„Breaking Dawn“, das für Insider so brisante Finale der beispiellos polarisierenden Vampir-Seifenoper „Twilight“, wird wie der letzte Akt der „Harry Potter“-Saga in zwei Parts aufgesplittet. Über Sinn und Unsinn dieser in jedem Fall gewinnmaximierenden Vorgehensweise lässt sich diskutieren – Fakt ist, dass die leidlich ansprechende Erzählung vom bleichen Blutsauger-Jüngling, der eine dünne Sterbliche aus der Provinz liebt, sich mehr und mehr ins Abstruse verliert. Die von der Massenhysterie erfassten, den „Bis(s)…“-Bänden von Autorin Stephenie Meyer vollkommen verfallenen Anhänger, die zumeist weiblich und zwischen acht und sechzehn Jahre alt sind, werden wie blind darüber hinwegsehen. Allen anderen wird sich das seltsame Phänomen „Twilight“ auch durch „Bis(s) zum Ende der Nacht – Teil 1“ nicht erschließen.

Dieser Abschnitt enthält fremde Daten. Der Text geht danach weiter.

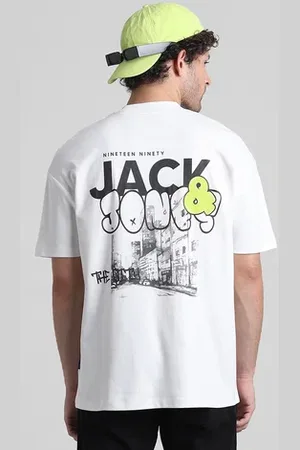 JACK & JONES White Graphic Printed Oversized T-shirt
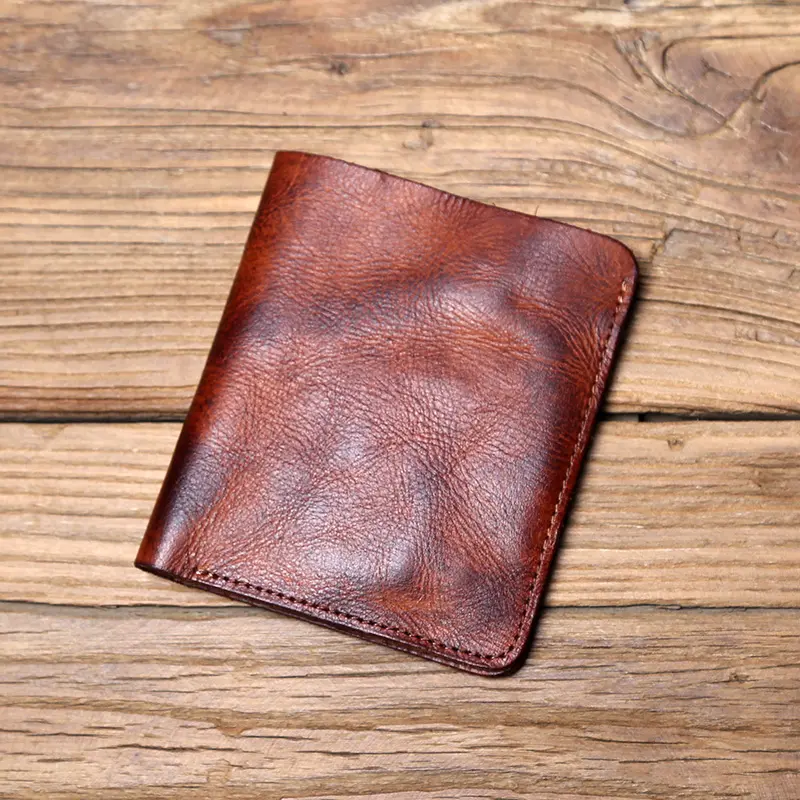 NZPJ Men's Leather Wallet Retro Top Layer Cowhide Wallet Vertical Document Clip Short Youth Women's Ultra-thin Coin Purse Bag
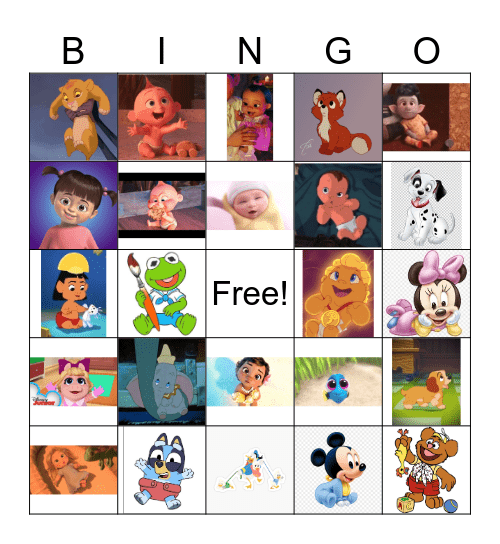 Disney Baby Bingo Card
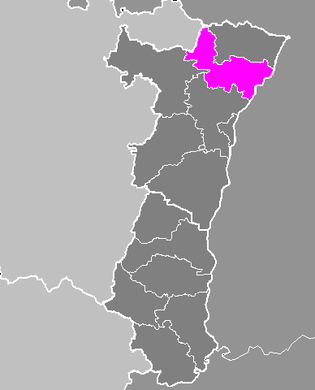 阿格諾區在前阿爾薩斯大區與下萊茵省的位置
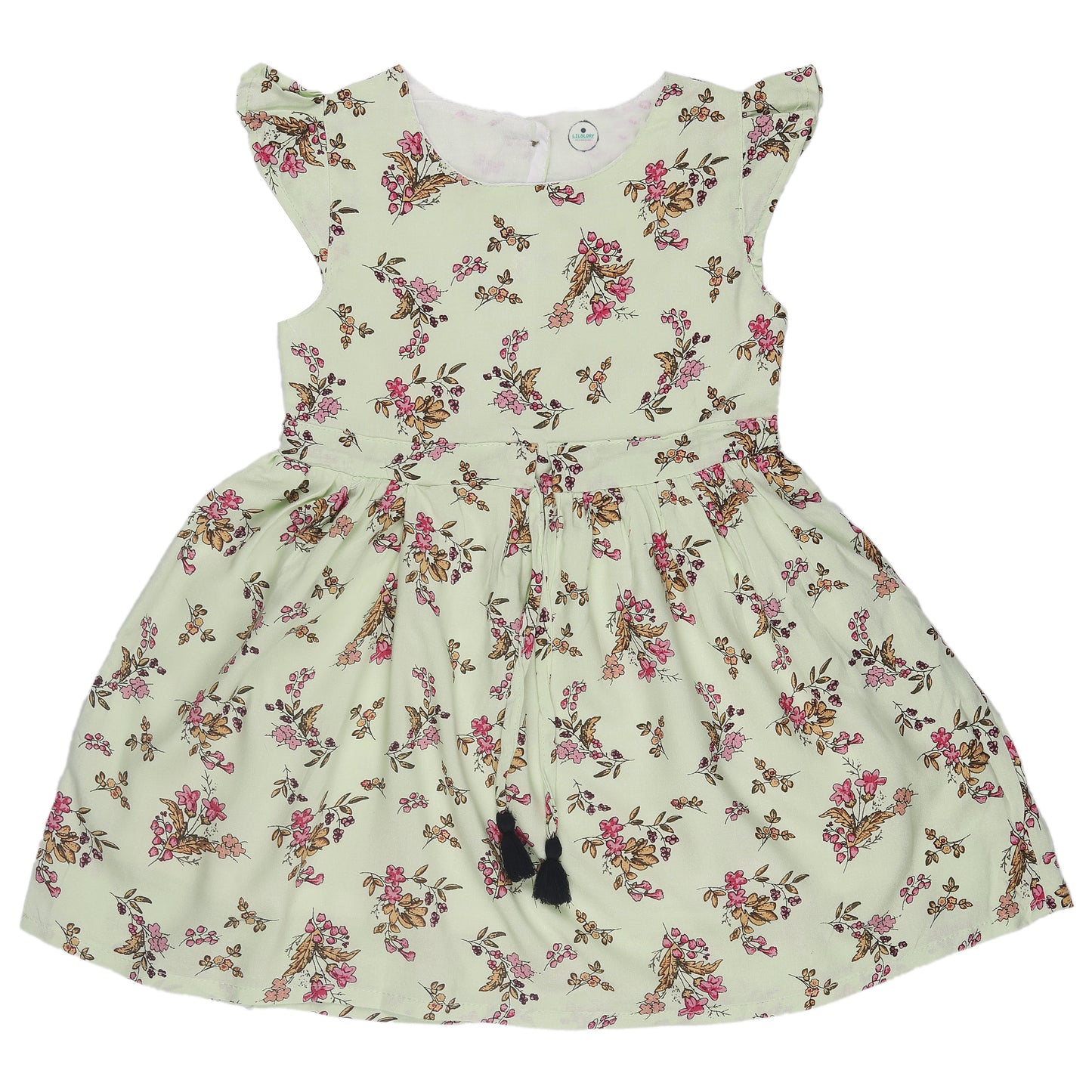 Floral Print Princess Dress with Fly Sleeve Vintage And Party Wear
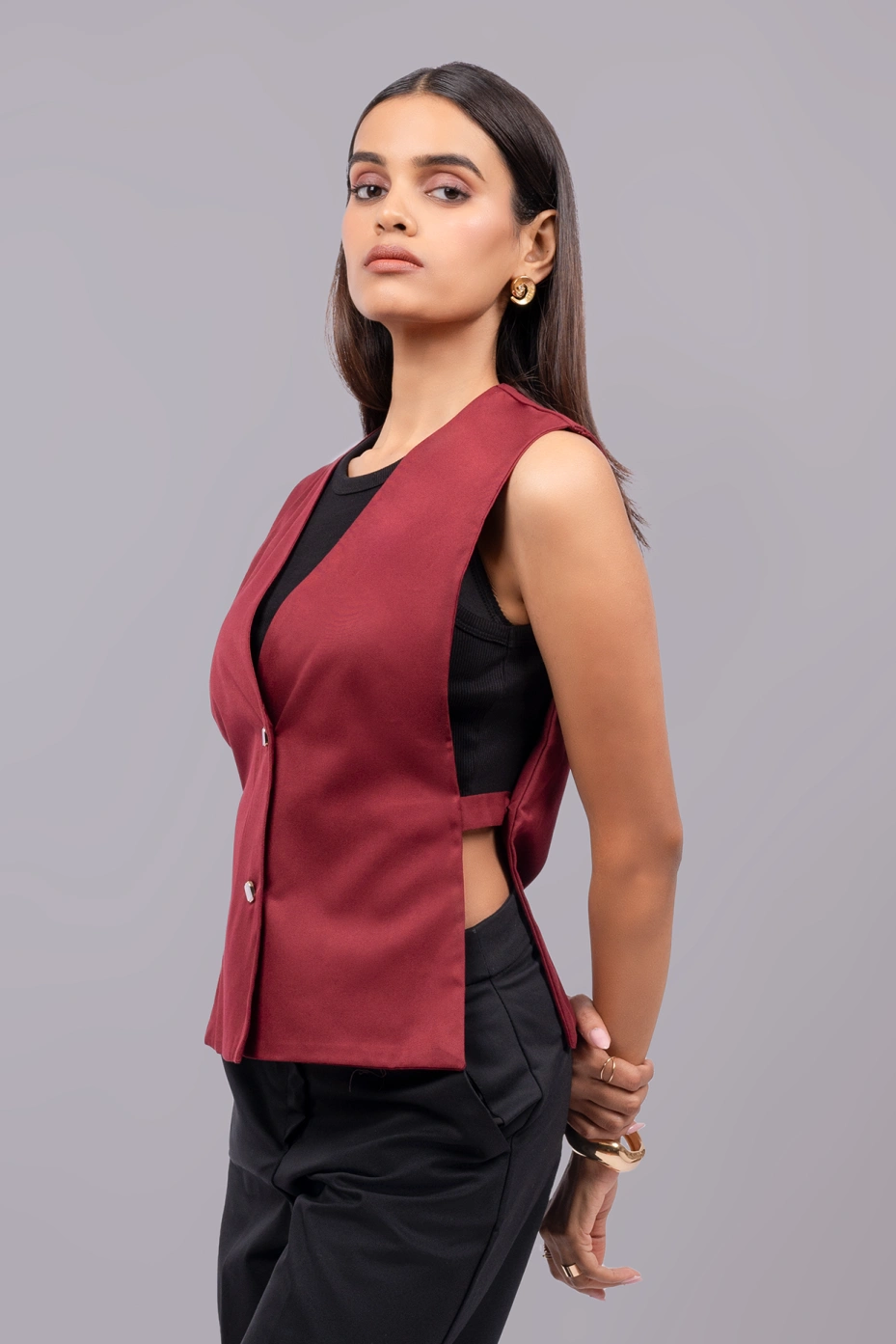 AP	Maroon Formal Sleeveless Waistcoat Top With Side Buckles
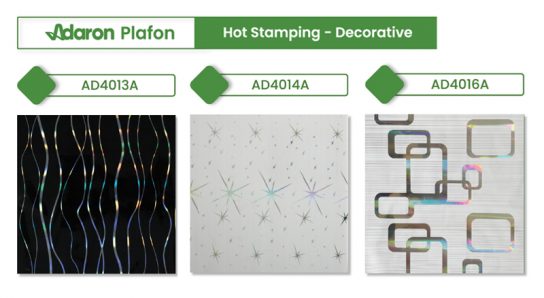 motif plafon pvc adaron hot stamping decorative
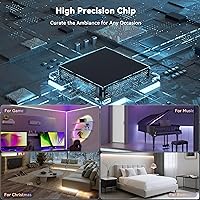 Vista 3 de MIWISE LED Strip Lights,RGB Smart IC COB LED Strip Light Color Chasing,24ft Multicolor Flexible LED Tape Light,Music Sync with APP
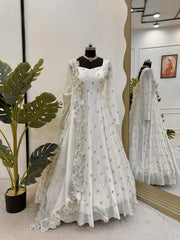 Designer Anarkali On Chinon febric with inner and Thred & Sequnce work and Pent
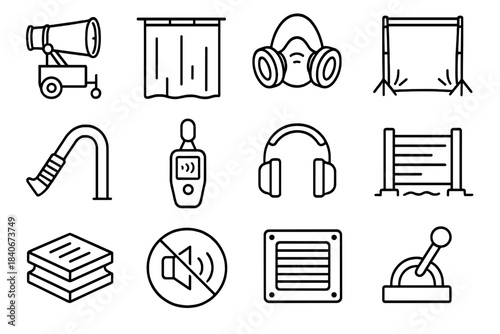 Environmental Protection Icons. Air & Sound Mitigation Set linear set: mist cannon, dust curtain, respirator mask, containment tarp, suction hose, decibel gauge, earmuffs, sound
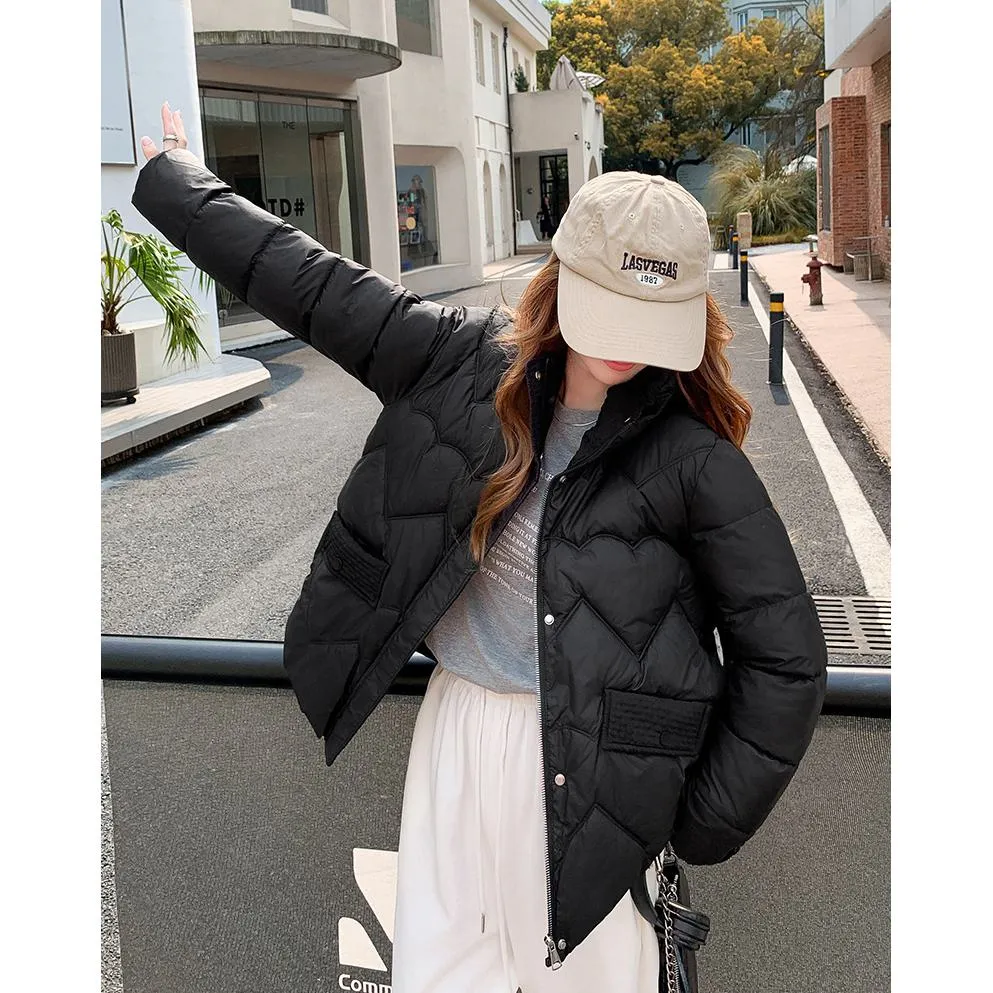 Loose Fit Stand-Up Collar Cropped Puffer Jacket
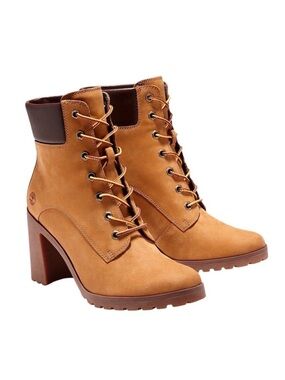 Timberland Allington Mid Lace-Up Heeled Boots Wheat Nubuck Block Heel Size 8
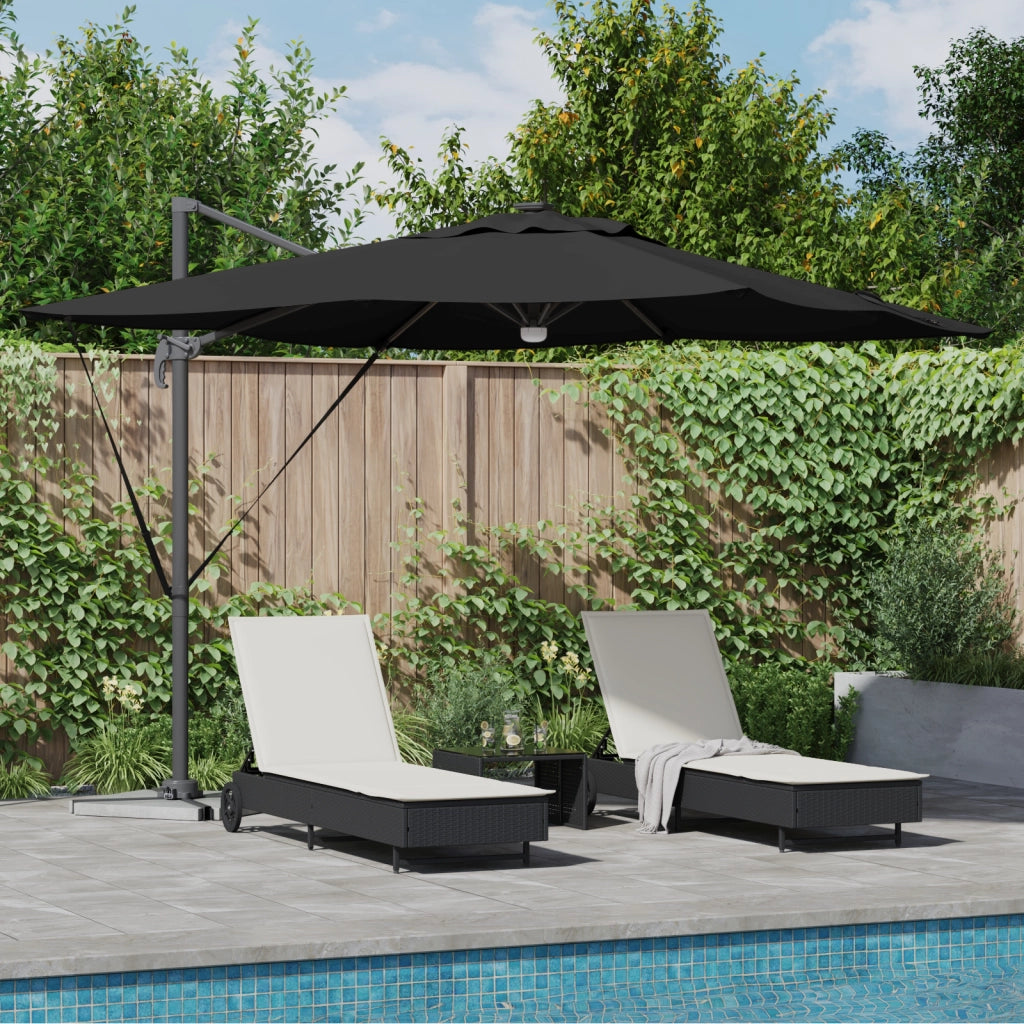 Ombrellone Roma a sbalzo con LED neri 286x285x270 cm Alluminio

Nachdem Alice (Ashley Greene) Bella (Kristen Stewart) beim Aussuchen des Schuhwerks hilfreich unter die Arme gegriffen hat, kann sie mit ihrem Schwarm Edward (Robert Pattinson), dem mitfühlenden Vampir, der ihr unter Voraussicht der Konsequenzen bisher nachdrücklich untersagt hat, sich von ihm beißen zu lassen, nun endlich vor den Traualtar treten. Und kaum ist die Traumhochzeit, auf der auch die Cullen-Sippe erscheint, vorbei, geht es schon in die gemeinsamen Flitterwochen nach Rio de Janeiro. Alles scheint unbeschwert, bis in Bella der Verdacht keimt, von Edward schwanger zu sein. Die beiden reisen zurück in das
heimatliche Städtchen Forks, wo sie von Bellas Vater und ihrem besten Freund Jacob (Taylor Lautner), dem (Halb-)Werwolf vom Indianerstamm der Quileute, Unterstützung beim Empfangen des Babys erhalten…
Die vier bislang veröffentlichten „Twilight“-Bände (von den Verfilmungen ganz zu schweigen) sind von einem spontanen Erfolg gekrönt, der sich in dieser Größenordnung allenfalls mit J. K. Rowlings Wälzern um einen gewissen bebrillten Zauberlehrling und den Verschwörungs-Bestsellern von Dan Brown („The Da Vinci Code – Sakrileg“ vorneweg) vergleichen lässt. Integraler Bestandteil der Bücher der überzeugten Mormonin Stephenie Meyer war stets die Verherrlichung sexueller Zurückhaltung und Unberührbarkeit sowie der einzigen und ewigen Liebe, die sie zu einer strikt anti-promiskuitiven Ideologie erhob. Um der überwiegend jugendlichen Leserschaft ihr veraltetes Frauen- und Weltbild aufzudrängen, ködert sie sie mit einer als poppiges Fantasy-Abenteuer zelebrierten (Liebes-)Geschichte, die in ihrer Simplizität Bände spricht. Die sterbliche Bella, mit der Kristen Stewart eine Art blass-fragile Schönheit als erfrischend neuen Frauentypus im US-Mainstreamkino etablieren sollte, steht zwischen dem sanftmütigen Blutsauger Edward und dem feurigen Wolfsmenschen Jacob, der auch wirklich keine Gelegenheit ungenutzt lässt, um sich sein T-Shirt vom Leib zu reißen und seinen muskulösen Oberkörper zu entblößen – was einem in den letzten zwei Teilen hier und da schon mal ganz schön auf den Zeiger gehen konnte. Bella wird in die Jahrhunderte andauernde Rivalität von Vampiren und Werwölfen hineingezogen und will unbedingt eine von ihnen werden, was zu Konflikten führt, die mal nachvollziehbar, mal total an den Haaren herbeigezogen sind. Über allem schwebt das in Stein respektive Zelluloid gemeißelte Musterbild vom jungfräulichen Mädchen, das sich voller Sehnsucht an die stattliche Brust des Fabelwesens schmiegt.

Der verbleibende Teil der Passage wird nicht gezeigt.